Tytuł oryginalny: The Hotel Riviera
Tłumaczenie: Anna Żukowska-Maziarska
Wydawnictwo: AMBER
Seria: Wszystko dla Pań
Rok wydania: 2004
Oprawa: miękka
Ilość stron: 183
ISBN: 83-241-1590-0
Półka: wypożyczona
Moja ocena: 5/10
Przeczytana: 8 stycznia 2014
Kupisz:
Po przeczytaniu “Morelle” (TU) i moich achach i ochach nad tą książką, postanowiłam powędrować do biblioteki i zaopatrzyć się w kolejną powieść Elizabeth Adler. Pogoda za oknem nieciekawa, śniegu ani na lekarstwo, więc trzeba sobie jakoś humor poprawić ciekawą książką. No i po paru minutach grzebania na półkach (tym razem zrezygnowałam z grzebania w necie i wcześniejszej rezerwacji) byłam szczęśliwą posiadaczką „najnowszego bestselleru” – jak informował napis na okładce – „Hotel Riwiera”. Wpadłam do domku, potem do pokoju i otworzyłam książkę z dużym zaciekawieniem, czym to tym razem zaskoczy mnie autorka, która tak mnie urzekła wcześniejszą lekturą. I… ale zacznijmy od początku i nie wyprzedzajmy faktów.
Na temat autorki powieści Elizabeth Adler napisałam przy okazji wcześniejszej recenzji (TU). I w przypadku tej powieści potwierdza się, że pisarka opowiada nam o życiu, które sama doskonale poznała, o okolicach, w których sama mieszkała. Jeśli dodać do tego niesamowitą lekkość pióra, która Elizabeth dysponuje, to opisanie tych miejsc w sposób urokliwy i szczegółowy jest sprawą oczywistą. Mamy dzięki temu w powieści przepiękne opisy przyrody na Wybrzeżu Lazurowym, opisy starych angielskich domostw, opisy życia w Kalifornii i w Las Vegas. Kunszt pisarki widać prawie na każdej kartce powieści. Ale powieść to nie tylko opisy – nawet te najpiękniejsze – ale przede wszystkim akcja, szczególnie, że oprócz wątku miłosnego (ostatecznie to typowy romans) mamy tu dość bogaty i obszerny wątek sensacyjno-kryminalny.

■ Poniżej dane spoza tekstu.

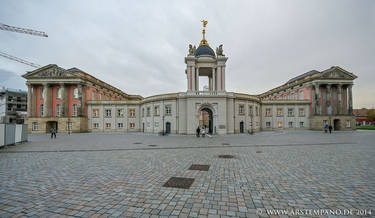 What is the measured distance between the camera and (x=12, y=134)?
14.3 meters

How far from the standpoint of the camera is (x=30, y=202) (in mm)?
3867

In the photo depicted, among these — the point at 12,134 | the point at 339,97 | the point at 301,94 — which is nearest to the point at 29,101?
the point at 12,134

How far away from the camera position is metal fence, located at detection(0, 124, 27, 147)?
509 inches

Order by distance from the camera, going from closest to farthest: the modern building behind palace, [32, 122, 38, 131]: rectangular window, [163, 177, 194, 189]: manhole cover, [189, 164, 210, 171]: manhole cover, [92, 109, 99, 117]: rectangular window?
[163, 177, 194, 189]: manhole cover, [189, 164, 210, 171]: manhole cover, the modern building behind palace, [32, 122, 38, 131]: rectangular window, [92, 109, 99, 117]: rectangular window

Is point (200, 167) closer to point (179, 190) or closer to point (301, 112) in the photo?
point (179, 190)

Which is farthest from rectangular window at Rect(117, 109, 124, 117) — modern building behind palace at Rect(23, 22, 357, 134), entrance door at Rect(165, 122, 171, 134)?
entrance door at Rect(165, 122, 171, 134)

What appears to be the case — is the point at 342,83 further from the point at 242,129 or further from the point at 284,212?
the point at 284,212

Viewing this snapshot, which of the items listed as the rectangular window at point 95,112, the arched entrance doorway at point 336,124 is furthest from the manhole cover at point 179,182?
the arched entrance doorway at point 336,124

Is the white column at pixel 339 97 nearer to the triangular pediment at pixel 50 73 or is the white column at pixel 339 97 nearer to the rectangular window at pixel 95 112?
the rectangular window at pixel 95 112

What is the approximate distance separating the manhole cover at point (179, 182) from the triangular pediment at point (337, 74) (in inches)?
1923

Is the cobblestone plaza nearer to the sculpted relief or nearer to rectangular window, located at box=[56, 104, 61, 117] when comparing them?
rectangular window, located at box=[56, 104, 61, 117]

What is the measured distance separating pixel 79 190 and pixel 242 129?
29152 millimetres

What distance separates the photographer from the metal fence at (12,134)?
12.9 metres

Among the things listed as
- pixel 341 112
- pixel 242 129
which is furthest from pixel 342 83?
pixel 242 129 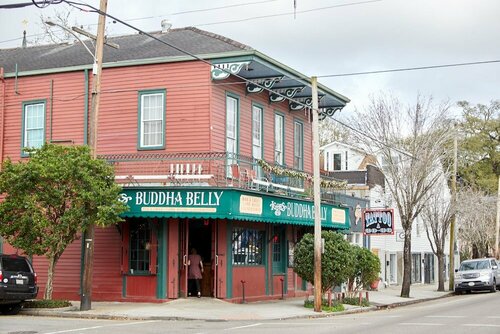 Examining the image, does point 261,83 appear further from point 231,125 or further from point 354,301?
point 354,301

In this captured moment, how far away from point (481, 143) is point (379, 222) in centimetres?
3786

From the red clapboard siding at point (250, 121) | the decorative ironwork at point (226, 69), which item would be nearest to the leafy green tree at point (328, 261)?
the red clapboard siding at point (250, 121)

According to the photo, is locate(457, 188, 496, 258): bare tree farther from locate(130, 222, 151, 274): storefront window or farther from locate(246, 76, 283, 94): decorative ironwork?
locate(130, 222, 151, 274): storefront window

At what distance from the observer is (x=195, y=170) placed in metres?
23.5

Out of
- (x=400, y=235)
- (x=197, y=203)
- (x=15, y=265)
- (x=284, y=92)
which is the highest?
(x=284, y=92)

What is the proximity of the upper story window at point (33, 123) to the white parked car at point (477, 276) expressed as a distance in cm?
2243

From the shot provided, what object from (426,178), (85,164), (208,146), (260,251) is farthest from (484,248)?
(85,164)

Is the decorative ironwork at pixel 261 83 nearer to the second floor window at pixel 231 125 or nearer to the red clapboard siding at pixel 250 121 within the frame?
the red clapboard siding at pixel 250 121

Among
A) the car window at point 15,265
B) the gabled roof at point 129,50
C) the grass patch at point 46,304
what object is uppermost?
the gabled roof at point 129,50

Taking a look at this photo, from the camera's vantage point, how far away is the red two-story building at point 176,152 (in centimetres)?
2359

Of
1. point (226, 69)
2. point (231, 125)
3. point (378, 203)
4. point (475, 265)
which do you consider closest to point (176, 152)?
point (231, 125)

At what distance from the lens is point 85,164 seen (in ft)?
70.0

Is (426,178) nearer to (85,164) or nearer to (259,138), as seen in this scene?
(259,138)

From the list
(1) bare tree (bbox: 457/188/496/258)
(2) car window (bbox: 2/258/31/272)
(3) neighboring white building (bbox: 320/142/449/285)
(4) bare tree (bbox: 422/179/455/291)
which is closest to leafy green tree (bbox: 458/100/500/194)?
(1) bare tree (bbox: 457/188/496/258) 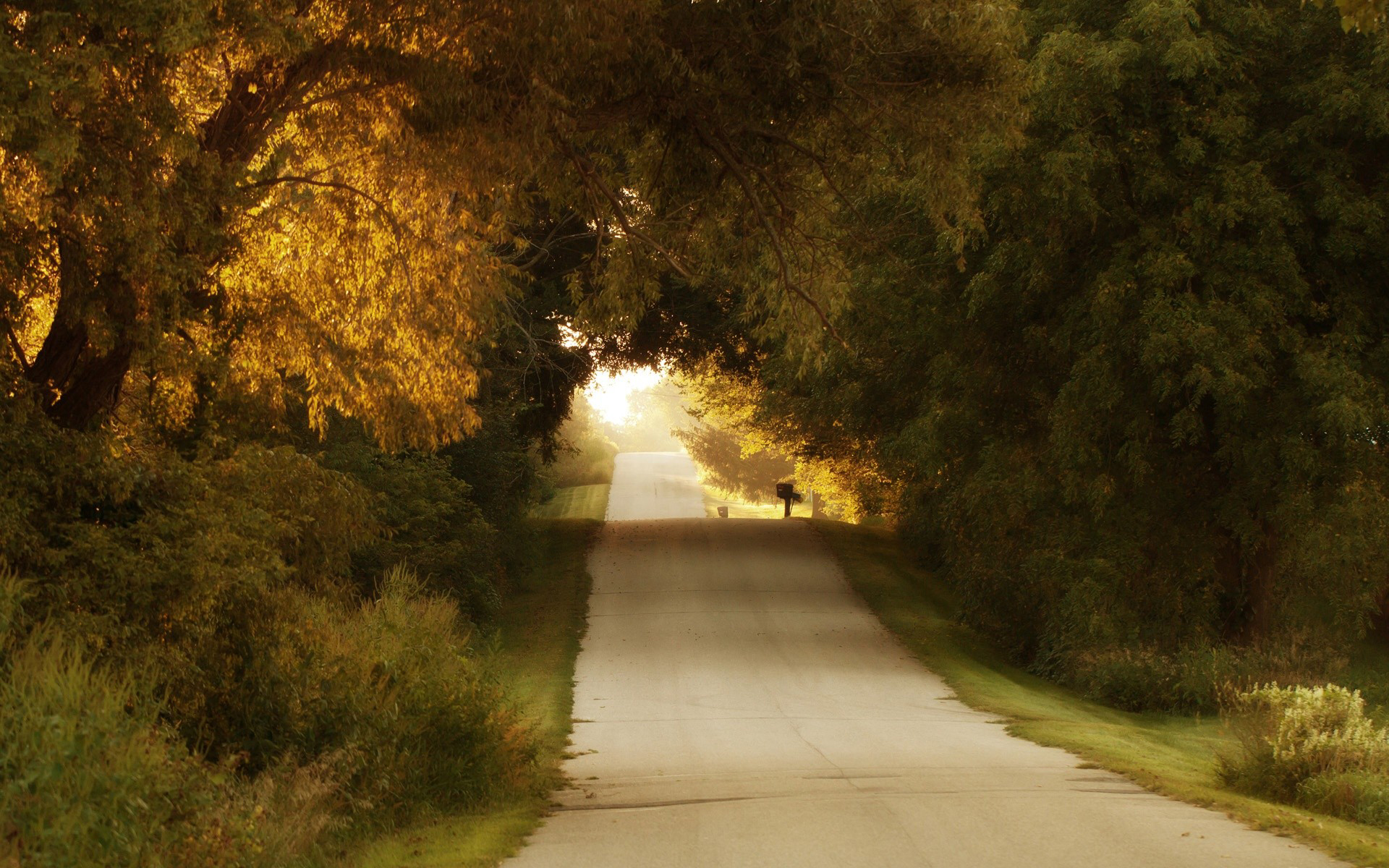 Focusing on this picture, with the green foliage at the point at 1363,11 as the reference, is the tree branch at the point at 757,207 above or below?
below

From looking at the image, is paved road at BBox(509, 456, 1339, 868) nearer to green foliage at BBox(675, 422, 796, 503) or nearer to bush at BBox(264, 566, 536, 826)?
bush at BBox(264, 566, 536, 826)

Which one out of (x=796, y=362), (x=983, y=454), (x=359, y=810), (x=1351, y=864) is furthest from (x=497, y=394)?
(x=1351, y=864)

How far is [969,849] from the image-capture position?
8.58 meters

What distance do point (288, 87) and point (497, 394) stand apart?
17.2m

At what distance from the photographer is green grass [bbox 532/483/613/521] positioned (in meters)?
49.0

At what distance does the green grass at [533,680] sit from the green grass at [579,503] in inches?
389

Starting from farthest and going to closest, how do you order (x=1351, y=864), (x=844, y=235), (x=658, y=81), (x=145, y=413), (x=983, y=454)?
(x=983, y=454) < (x=844, y=235) < (x=658, y=81) < (x=145, y=413) < (x=1351, y=864)

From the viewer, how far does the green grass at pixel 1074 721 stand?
32.2ft

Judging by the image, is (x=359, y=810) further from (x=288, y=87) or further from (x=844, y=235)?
(x=844, y=235)

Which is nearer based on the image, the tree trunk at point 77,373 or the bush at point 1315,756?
the tree trunk at point 77,373

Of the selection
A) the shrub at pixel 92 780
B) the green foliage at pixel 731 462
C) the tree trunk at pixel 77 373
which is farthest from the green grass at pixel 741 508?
the shrub at pixel 92 780

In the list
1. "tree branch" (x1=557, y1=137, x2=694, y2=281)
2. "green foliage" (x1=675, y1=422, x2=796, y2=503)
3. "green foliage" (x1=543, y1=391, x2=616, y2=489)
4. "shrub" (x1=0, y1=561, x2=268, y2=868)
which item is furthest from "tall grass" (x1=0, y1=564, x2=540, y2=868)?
"green foliage" (x1=675, y1=422, x2=796, y2=503)

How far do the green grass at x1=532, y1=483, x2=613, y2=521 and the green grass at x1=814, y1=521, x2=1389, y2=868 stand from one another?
15930mm

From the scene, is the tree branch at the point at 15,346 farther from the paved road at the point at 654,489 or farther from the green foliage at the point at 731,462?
the green foliage at the point at 731,462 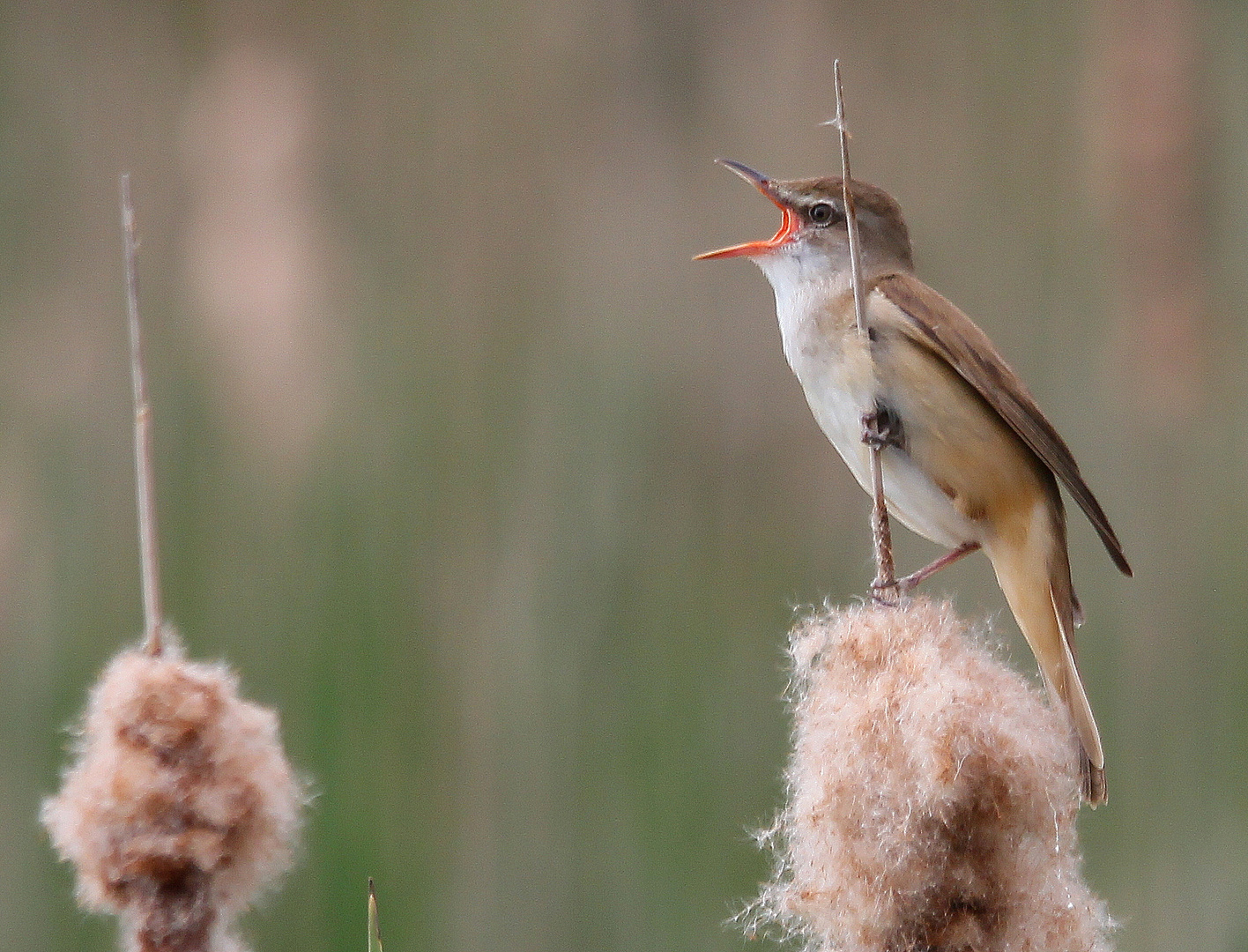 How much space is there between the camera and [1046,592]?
6.22 ft

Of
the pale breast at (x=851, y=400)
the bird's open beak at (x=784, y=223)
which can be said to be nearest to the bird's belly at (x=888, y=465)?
the pale breast at (x=851, y=400)

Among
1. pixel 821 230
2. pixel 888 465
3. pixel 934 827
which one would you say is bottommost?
pixel 934 827

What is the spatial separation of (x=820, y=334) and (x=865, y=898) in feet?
3.48

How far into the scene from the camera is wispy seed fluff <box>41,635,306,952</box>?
1.02 m

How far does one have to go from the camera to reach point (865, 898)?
44.9 inches

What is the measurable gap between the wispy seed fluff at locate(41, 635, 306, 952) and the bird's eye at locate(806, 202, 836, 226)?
137cm

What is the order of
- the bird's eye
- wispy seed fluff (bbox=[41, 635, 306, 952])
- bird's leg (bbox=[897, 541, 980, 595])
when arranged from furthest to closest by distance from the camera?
1. the bird's eye
2. bird's leg (bbox=[897, 541, 980, 595])
3. wispy seed fluff (bbox=[41, 635, 306, 952])

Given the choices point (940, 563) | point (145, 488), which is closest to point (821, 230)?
point (940, 563)

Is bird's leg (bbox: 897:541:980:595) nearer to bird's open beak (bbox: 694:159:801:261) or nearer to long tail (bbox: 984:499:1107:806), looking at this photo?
long tail (bbox: 984:499:1107:806)

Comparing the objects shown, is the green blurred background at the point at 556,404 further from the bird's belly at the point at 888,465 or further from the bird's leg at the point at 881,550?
the bird's leg at the point at 881,550

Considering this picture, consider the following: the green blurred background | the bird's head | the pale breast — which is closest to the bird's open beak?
the bird's head

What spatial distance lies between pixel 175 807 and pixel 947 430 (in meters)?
1.26

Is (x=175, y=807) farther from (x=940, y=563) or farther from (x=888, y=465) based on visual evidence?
(x=940, y=563)

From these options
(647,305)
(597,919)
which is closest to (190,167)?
(647,305) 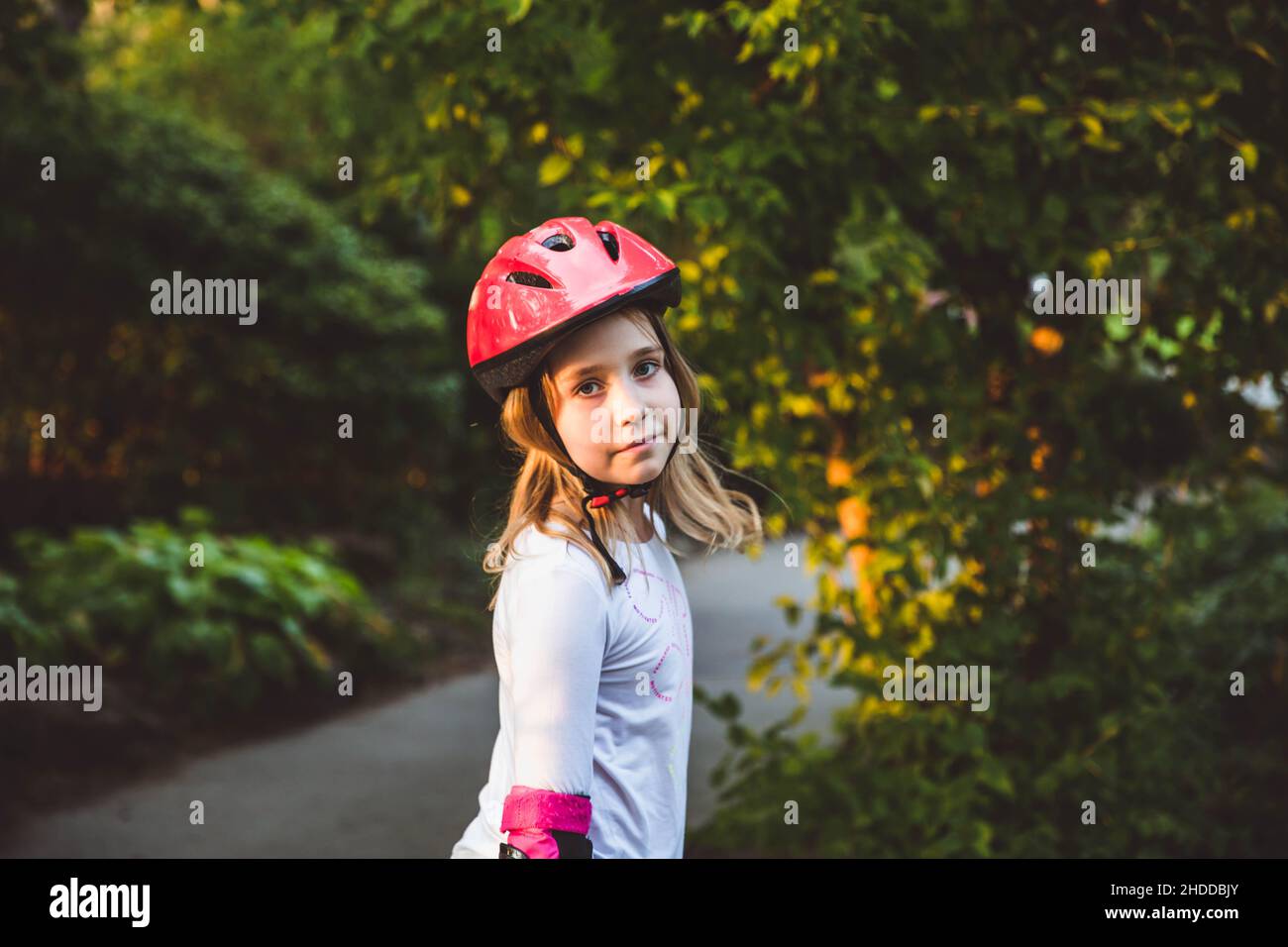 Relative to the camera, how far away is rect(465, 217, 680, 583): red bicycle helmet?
2061 millimetres

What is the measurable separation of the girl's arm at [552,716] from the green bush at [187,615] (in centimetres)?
523

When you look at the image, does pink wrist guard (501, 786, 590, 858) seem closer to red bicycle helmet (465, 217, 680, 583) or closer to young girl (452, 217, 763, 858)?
young girl (452, 217, 763, 858)

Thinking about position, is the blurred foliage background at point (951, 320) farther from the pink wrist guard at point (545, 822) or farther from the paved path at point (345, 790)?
the pink wrist guard at point (545, 822)

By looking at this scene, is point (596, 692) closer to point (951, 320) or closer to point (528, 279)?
point (528, 279)

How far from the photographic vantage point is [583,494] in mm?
2150

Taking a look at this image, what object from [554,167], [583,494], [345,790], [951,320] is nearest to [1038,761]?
[951,320]

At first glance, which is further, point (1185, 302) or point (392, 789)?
point (392, 789)

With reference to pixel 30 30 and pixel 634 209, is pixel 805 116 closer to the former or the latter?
pixel 634 209

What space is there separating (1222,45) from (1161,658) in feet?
6.99

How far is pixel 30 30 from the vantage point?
504cm

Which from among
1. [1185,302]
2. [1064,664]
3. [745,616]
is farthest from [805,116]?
[745,616]

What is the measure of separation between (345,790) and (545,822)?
4.91 metres

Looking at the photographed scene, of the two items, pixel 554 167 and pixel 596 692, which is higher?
pixel 554 167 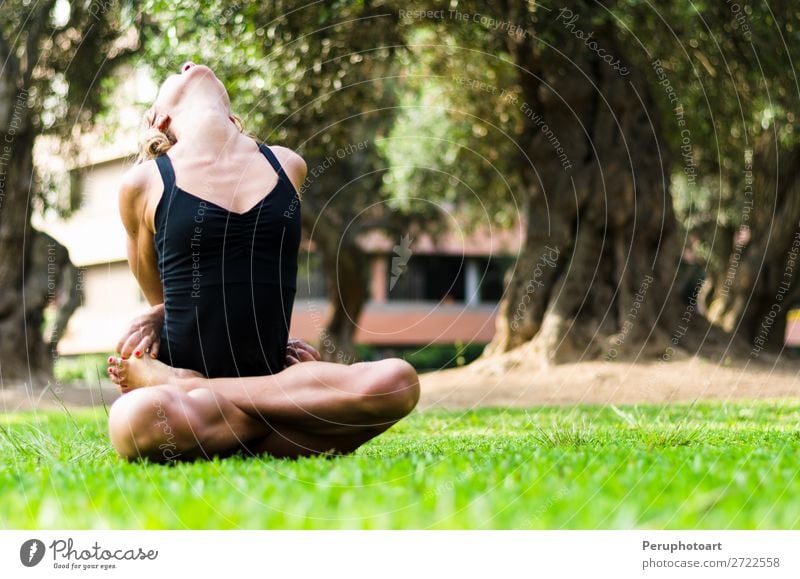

Bohaterką powieści jest Lola March – Amerykanka, która w wieku trzydziestu paru lat poznała w Las Vegas Francuza Patricka Laforet i po krótkim, ale dość intensywnym romansie, wychodzi za niego za mąż, stając się madame Lolą Laforet. Lola wyjeżdża z Patrickiem do Francji, w okolice Saint Tropez, gdzie Patrick odziedziczył po rodzicach stary, zniszczony hotel wraz ze skarpą, na której się znajdował, kawałkiem plaży i zatoką nadmorską. Lola bardzo angażuje się w remont i doprowadzenie hotelu do stanu umożliwiającego przyjęcie gości, a że zawsze uwielbiała gotować i nawet nieźle jej to wychodziło, postanawia sama zająć się kuchnią i zostać jej szefem. Hotel zaczyna zdobywać coraz większe uznanie wśród gości, którym odpowiada miła, wręcz domowa i rodzinna atmosfera w nim panująca, wspaniałe potrawy serwowane przez Lolę oraz przepiękny otaczający go ogród. Patrickowi bardzo szybko po powrocie do Francji Lola przestaje wystarczać jako jedyna kobieta w jego życiu. Często wyrusza swoim srebrnym porsche w podróże do okolicznych miast i miasteczek, gdzie zabawia się z poznanymi tam pięknymi dziewczętami, których na Lazurowym Wybrzeżu nie brakuje. Nie obchodzą go ani kłopoty, z jakimi boryka się Lola na co dzień, ani ogrom pracy, jaki musi włożyć w prowadzenie hotelu. Lola mimo wszystko jest szczęśliwa – znalazła swoja pasję, znalazła życzliwych jej ludzi, którzy co roku przyjeżdżają do hotelu, dzięki atmosferze i warunkom, jakie potrafiła stworzyć. Po sześciu latach małżeństwa Patrick wyrusza w kolejną eskapadę, ale tym razem z niej nie wraca. W niedługim czasie po tym, w zatoczce niedaleko hotelu cumuje nieduży jacht, na pokładzie którego znajduje się tajemniczy, bardzo przystojny i uwodzicielski mężczyzna Jack Farrar, a w hotelu pojawia się nowy, mało sympatyczny i wyglądający na niebezpiecznego gość Jeb Falcon. Kim są ci mężczyźni i jaką rolę odegrają w życiu Loli? Gdzie podział się Patrick i dlaczego ją zostawił? Dlaczego nagle w życiu Loli zaczynają dziać się dziwne, często bardzo niebezpieczne zdarzenia? Jeśli macie ochotę dowiedzieć się tego, to zapraszam do przeczytania powieści.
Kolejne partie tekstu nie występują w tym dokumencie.